À cette vue de l'oiseau que son vol emportait au loin, Angada, le fils de Bâli, au comble de la joie dit aux princes joyeux des singes: «Maintenant qu'il nous a transmis les nouvelles de la Vidéhaine et sauvé les singes de la mort, l'oiseau Sampâti retourne à sa demeure, l'âme satisfaite. Venez donc! marchons vers la montagne située au nord pour la mer du Midi. Quand nous serons arrivés sur le rivage, nous penserons au moyen de traverser le vaste Océan.»
Alors, d'un pas égal à celui du vent, les singes, dans une résolution bien arrêtée, s'avancent, l'âme contente, vers la plage désirée, sur laquelle préside le noir souverain des morts.
À la vue de cette mer sans rivage ultérieur comme le ciel, ceux-ci parmi les singes tombèrent dans l'abattement, ceux-là tressaillirent de joie. Dans le but de ranimer leur courage, le fils de Târâ, voyant le visage consterné de quelques singes, Angada leur tint ce langage, après qu'il eut salué les grands et sollicité d'un mot l'attention des autres:
«Quadrumanes à l'héroïque vigueur, il ne faut pas vous abandonner au découragement; car l'homme découragé ne peut mettre fin à son affaire. L'homme qui, s'armant d'énergie en face d'un obstacle, résiste à son découragement, ne laisse jamais derrière lui son œuvre imparfaite.
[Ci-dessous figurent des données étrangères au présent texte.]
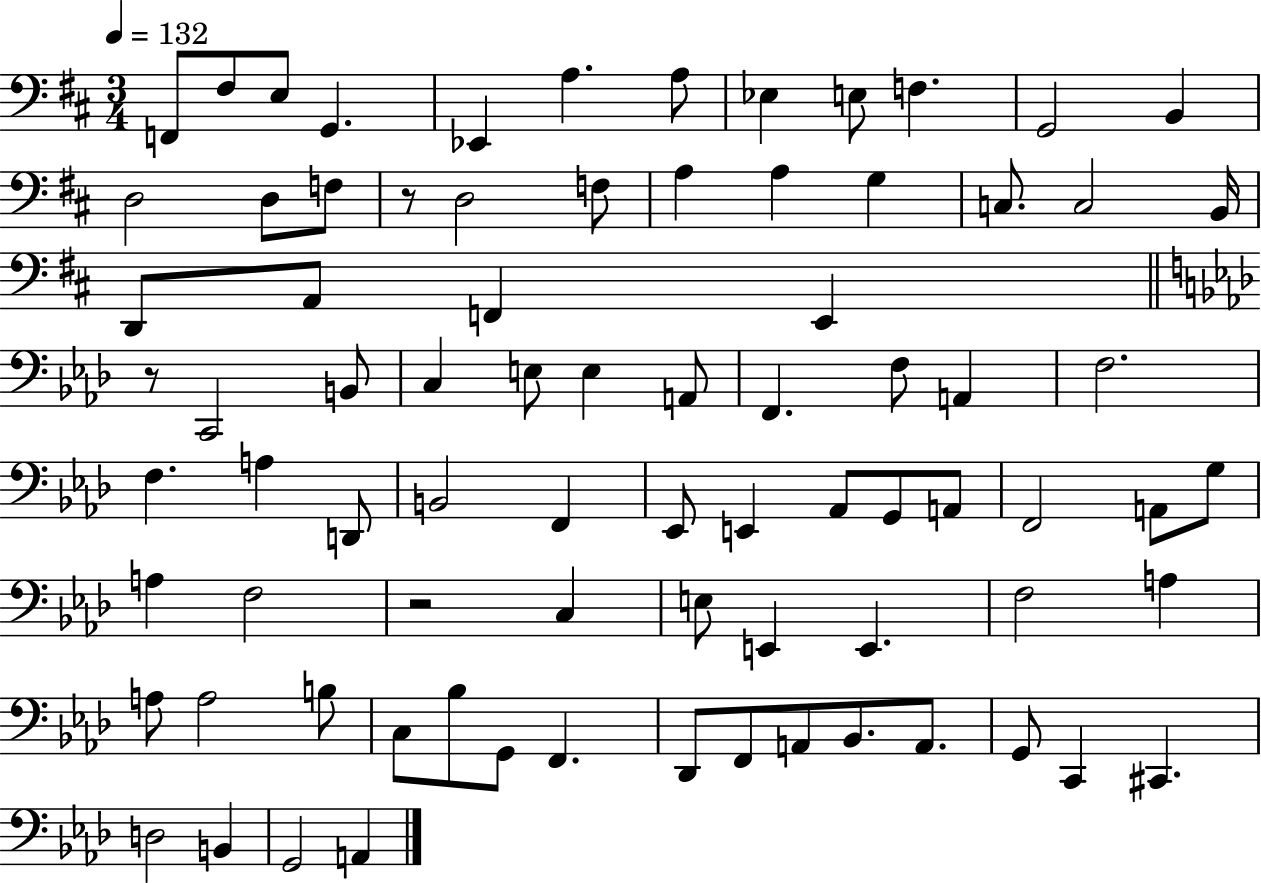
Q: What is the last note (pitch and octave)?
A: A2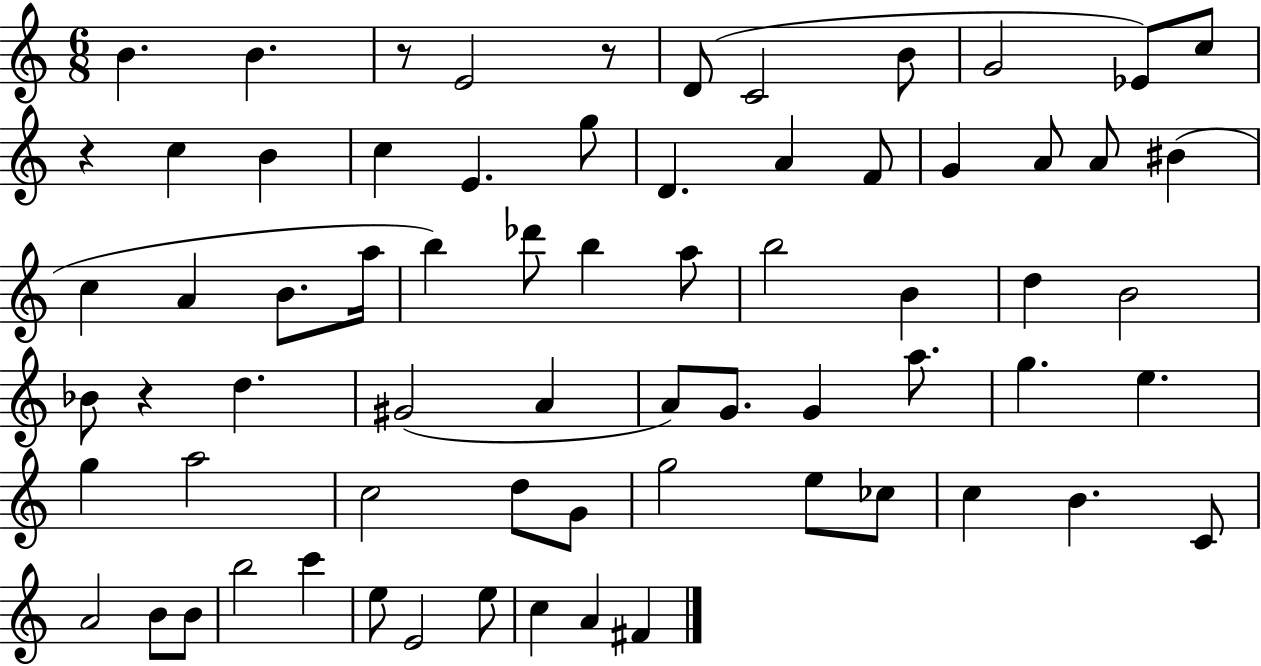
B4/q. B4/q. R/e E4/h R/e D4/e C4/h B4/e G4/h Eb4/e C5/e R/q C5/q B4/q C5/q E4/q. G5/e D4/q. A4/q F4/e G4/q A4/e A4/e BIS4/q C5/q A4/q B4/e. A5/s B5/q Db6/e B5/q A5/e B5/h B4/q D5/q B4/h Bb4/e R/q D5/q. G#4/h A4/q A4/e G4/e. G4/q A5/e. G5/q. E5/q. G5/q A5/h C5/h D5/e G4/e G5/h E5/e CES5/e C5/q B4/q. C4/e A4/h B4/e B4/e B5/h C6/q E5/e E4/h E5/e C5/q A4/q F#4/q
«Qui pourrait aller d'ici à Lankâ et revenir en deux bonds vigoureux? Qu'il réfléchisse mûrement et qu'il parle, celui qui possède en lui-même ce don merveilleux de franchir une distance! celui grâces auquel, revenus un jour d'ici, heureux et couronnés du succès, nous reverrons nos fortunes, nos épouses et nos fils!»
À ces paroles d'Angada, qui que ce fût parmi les singes ne répondit un seul mot, et les chefs du peuple restèrent là tous immobiles.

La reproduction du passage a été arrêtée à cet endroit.